▶ What to produce
In the material below, find the line with "Скриншот 4 из Sail Forth: Maelstrom" and the line with "Di Gregorio Juve e", then output those two lines and every line between them, exactly.

#### Dataset entries ####

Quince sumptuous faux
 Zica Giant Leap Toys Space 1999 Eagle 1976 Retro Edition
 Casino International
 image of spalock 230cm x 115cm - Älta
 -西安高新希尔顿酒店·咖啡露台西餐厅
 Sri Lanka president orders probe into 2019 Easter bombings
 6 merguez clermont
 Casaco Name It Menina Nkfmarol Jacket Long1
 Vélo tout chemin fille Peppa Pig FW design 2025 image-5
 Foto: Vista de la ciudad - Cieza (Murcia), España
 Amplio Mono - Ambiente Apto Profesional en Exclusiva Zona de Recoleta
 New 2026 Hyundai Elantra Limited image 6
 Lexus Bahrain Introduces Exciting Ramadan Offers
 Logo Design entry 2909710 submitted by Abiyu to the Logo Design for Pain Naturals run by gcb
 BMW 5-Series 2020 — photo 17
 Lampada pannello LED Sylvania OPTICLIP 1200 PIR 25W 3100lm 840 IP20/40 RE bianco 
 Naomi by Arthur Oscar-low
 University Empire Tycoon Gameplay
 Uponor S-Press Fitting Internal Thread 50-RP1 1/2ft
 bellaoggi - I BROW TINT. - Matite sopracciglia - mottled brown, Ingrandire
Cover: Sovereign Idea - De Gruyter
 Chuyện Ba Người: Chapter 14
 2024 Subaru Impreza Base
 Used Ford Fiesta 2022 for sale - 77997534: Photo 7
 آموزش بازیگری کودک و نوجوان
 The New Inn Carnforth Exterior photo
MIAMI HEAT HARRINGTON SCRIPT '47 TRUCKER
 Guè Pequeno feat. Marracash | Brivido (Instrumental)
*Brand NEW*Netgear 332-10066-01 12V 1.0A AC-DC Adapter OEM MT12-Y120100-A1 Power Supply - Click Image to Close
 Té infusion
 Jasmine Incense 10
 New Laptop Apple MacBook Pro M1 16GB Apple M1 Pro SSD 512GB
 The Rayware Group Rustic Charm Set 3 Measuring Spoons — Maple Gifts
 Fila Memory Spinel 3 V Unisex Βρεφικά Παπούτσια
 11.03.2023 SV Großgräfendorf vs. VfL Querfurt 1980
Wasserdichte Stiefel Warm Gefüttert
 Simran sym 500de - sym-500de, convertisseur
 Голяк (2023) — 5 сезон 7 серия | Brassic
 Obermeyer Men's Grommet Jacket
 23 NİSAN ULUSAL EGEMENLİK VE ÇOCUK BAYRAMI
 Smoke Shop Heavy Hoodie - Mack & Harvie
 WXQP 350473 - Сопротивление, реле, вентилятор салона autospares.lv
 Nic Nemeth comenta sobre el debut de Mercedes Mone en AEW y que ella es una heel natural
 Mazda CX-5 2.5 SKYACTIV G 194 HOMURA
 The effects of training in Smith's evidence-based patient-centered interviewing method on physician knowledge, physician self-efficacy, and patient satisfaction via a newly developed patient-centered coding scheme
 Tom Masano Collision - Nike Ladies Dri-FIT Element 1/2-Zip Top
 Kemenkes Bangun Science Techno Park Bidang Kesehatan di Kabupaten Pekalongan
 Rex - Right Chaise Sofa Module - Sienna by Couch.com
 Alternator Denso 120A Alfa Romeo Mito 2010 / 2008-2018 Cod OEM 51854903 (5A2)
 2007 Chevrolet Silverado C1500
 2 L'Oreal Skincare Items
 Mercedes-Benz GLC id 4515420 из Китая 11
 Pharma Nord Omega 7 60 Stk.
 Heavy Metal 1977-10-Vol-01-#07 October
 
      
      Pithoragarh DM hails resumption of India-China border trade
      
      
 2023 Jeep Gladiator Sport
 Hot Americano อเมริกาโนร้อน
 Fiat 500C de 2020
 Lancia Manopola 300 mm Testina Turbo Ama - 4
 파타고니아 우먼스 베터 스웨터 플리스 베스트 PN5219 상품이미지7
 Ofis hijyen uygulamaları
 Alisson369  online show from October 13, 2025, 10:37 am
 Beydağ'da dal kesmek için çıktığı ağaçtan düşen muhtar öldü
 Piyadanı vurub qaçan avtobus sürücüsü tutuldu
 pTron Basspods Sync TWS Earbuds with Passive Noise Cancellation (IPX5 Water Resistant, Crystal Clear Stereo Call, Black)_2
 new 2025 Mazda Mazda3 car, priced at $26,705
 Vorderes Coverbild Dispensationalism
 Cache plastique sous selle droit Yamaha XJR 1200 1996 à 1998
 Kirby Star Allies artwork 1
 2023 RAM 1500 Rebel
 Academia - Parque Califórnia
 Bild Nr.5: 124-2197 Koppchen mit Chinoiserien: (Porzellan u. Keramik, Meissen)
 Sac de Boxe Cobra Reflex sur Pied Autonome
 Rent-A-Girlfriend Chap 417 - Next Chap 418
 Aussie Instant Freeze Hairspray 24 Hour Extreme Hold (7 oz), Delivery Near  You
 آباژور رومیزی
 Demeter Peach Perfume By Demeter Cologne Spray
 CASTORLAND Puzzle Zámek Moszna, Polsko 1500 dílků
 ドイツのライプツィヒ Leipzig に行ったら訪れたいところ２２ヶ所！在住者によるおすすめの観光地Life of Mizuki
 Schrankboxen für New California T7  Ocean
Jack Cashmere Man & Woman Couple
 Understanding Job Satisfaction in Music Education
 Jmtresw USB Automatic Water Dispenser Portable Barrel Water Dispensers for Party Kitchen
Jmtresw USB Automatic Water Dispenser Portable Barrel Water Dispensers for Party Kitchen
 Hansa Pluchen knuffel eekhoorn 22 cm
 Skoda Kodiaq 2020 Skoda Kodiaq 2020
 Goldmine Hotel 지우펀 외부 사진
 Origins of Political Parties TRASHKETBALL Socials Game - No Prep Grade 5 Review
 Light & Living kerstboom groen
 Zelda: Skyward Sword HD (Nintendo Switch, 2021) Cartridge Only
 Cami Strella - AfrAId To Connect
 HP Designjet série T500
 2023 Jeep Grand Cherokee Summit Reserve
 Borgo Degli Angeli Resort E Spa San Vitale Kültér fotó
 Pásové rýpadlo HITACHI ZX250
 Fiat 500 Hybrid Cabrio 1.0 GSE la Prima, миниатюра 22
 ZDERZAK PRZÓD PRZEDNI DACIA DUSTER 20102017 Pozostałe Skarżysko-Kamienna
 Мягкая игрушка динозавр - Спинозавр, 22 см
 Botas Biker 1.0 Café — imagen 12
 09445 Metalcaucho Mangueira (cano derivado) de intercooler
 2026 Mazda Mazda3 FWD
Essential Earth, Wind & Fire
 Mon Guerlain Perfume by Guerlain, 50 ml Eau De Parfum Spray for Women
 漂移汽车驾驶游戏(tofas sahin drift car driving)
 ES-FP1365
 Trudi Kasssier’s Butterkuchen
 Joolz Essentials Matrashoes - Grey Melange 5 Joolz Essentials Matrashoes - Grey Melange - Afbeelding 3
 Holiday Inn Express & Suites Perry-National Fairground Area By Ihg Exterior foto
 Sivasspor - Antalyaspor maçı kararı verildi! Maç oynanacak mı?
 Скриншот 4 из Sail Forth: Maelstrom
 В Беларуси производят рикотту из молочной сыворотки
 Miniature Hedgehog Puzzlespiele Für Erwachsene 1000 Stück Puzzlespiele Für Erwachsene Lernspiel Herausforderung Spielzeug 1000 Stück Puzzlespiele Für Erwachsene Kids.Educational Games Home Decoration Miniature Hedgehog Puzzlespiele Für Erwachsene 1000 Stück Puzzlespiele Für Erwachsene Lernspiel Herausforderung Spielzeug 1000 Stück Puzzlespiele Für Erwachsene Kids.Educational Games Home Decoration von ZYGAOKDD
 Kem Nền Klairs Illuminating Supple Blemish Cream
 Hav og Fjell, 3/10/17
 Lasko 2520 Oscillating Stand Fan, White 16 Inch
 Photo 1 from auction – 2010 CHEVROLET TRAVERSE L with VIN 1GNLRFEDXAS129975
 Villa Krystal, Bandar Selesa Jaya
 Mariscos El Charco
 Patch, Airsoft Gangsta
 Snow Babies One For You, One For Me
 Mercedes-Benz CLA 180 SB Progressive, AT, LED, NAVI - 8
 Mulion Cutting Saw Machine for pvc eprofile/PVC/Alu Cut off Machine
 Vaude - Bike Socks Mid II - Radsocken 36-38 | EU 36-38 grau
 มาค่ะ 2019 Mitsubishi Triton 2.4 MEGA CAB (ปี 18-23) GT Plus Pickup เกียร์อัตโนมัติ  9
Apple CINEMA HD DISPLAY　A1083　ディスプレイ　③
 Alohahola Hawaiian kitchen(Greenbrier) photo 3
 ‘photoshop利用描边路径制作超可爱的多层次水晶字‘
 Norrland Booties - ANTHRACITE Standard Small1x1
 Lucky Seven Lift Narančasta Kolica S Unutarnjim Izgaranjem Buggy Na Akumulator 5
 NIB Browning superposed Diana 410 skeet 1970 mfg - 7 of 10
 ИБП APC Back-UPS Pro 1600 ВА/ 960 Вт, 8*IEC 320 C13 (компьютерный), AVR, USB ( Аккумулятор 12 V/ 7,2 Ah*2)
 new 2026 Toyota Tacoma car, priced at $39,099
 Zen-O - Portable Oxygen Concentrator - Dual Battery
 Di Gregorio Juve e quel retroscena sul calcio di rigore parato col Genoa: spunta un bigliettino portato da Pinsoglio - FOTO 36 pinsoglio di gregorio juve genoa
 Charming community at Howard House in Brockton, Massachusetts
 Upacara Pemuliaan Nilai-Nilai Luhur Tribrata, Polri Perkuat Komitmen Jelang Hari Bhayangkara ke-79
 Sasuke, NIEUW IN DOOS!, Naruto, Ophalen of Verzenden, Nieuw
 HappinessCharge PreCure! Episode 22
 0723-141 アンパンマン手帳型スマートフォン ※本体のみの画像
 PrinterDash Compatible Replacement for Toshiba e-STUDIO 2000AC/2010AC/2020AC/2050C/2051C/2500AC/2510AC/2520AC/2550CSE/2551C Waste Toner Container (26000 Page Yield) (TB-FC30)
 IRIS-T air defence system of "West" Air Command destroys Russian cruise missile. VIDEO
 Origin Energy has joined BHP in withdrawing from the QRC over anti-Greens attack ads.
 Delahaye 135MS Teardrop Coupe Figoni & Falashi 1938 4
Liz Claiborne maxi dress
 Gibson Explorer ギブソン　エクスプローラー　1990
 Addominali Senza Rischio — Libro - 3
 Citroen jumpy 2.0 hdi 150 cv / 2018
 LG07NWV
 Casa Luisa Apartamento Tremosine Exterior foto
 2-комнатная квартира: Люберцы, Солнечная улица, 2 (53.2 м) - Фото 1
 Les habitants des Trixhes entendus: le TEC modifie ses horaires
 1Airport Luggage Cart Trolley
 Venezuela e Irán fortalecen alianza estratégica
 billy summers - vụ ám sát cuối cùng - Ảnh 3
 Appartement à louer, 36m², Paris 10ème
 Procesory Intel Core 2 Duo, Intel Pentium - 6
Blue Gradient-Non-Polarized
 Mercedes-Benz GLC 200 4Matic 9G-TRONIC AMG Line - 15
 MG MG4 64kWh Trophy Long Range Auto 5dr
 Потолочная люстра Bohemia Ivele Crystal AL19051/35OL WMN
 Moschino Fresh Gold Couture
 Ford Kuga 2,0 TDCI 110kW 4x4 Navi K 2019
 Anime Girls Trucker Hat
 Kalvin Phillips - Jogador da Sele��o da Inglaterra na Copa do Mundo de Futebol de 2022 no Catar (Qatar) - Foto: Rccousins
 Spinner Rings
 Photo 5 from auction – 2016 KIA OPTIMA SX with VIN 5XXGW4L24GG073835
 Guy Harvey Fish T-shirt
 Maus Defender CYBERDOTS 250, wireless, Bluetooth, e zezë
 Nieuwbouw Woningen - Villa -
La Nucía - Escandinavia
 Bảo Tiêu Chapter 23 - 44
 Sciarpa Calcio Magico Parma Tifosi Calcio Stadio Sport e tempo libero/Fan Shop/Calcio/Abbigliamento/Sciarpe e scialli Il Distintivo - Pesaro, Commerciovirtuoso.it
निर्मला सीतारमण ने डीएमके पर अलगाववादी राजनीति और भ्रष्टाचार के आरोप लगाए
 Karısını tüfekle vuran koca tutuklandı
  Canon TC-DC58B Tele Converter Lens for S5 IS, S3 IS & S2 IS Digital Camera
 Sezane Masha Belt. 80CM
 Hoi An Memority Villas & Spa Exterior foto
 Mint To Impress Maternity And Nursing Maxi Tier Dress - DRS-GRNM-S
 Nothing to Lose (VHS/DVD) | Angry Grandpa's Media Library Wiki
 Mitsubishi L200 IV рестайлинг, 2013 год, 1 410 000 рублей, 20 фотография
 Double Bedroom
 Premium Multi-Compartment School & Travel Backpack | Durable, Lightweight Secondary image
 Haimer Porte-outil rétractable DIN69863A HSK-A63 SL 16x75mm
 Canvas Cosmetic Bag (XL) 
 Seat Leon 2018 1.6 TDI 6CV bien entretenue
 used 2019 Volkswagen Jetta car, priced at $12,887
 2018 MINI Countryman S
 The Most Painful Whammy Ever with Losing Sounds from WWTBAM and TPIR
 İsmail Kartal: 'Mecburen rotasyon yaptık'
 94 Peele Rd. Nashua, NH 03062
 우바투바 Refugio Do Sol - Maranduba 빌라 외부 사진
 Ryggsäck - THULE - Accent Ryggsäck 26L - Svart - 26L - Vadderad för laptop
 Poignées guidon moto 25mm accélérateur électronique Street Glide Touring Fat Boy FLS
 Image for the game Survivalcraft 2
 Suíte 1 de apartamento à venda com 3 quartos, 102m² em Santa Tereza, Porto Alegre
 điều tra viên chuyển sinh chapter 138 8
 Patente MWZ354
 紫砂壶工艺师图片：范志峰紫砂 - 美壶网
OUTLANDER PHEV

####

▶ Response below
 Скриншот 4 из Sail Forth: Maelstrom
 В Беларуси производят рикотту из молочной сыворотки
 Miniature Hedgehog Puzzlespiele Für Erwachsene 1000 Stück Puzzlespiele Für Erwachsene Lernspiel Herausforderung Spielzeug 1000 Stück Puzzlespiele Für Erwachsene Kids.Educational Games Home Decoration Miniature Hedgehog Puzzlespiele Für Erwachsene 1000 Stück Puzzlespiele Für Erwachsene Lernspiel Herausforderung Spielzeug 1000 Stück Puzzlespiele Für Erwachsene Kids.Educational Games Home Decoration von ZYGAOKDD
 Kem Nền Klairs Illuminating Supple Blemish Cream
 Hav og Fjell, 3/10/17
 Lasko 2520 Oscillating Stand Fan, White 16 Inch
 Photo 1 from auction – 2010 CHEVROLET TRAVERSE L with VIN 1GNLRFEDXAS129975
 Villa Krystal, Bandar Selesa Jaya
 Mariscos El Charco
 Patch, Airsoft Gangsta
 Snow Babies One For You, One For Me
 Mercedes-Benz CLA 180 SB Progressive, AT, LED, NAVI - 8
 Mulion Cutting Saw Machine for pvc eprofile/PVC/Alu Cut off Machine
 Vaude - Bike Socks Mid II - Radsocken 36-38 | EU 36-38 grau
 มาค่ะ 2019 Mitsubishi Triton 2.4 MEGA CAB (ปี 18-23) GT Plus Pickup เกียร์อัตโนมัติ  9
Apple CINEMA HD DISPLAY　A1083　ディスプレイ　③
 Alohahola Hawaiian kitchen(Greenbrier) photo 3
 ‘photoshop利用描边路径制作超可爱的多层次水晶字‘
 Norrland Booties - ANTHRACITE Standard Small1x1
 Lucky Seven Lift Narančasta Kolica S Unutarnjim Izgaranjem Buggy Na Akumulator 5
 NIB Browning superposed Diana 410 skeet 1970 mfg - 7 of 10
 ИБП APC Back-UPS Pro 1600 ВА/ 960 Вт, 8*IEC 320 C13 (компьютерный), AVR, USB ( Аккумулятор 12 V/ 7,2 Ah*2)
 new 2026 Toyota Tacoma car, priced at $39,099
 Zen-O - Portable Oxygen Concentrator - Dual Battery
 Di Gregorio Juve e quel retroscena sul calcio di rigore parato col Genoa: spunta un bigliettino portato da Pinsoglio - FOTO 36 pinsoglio di gregorio juve genoa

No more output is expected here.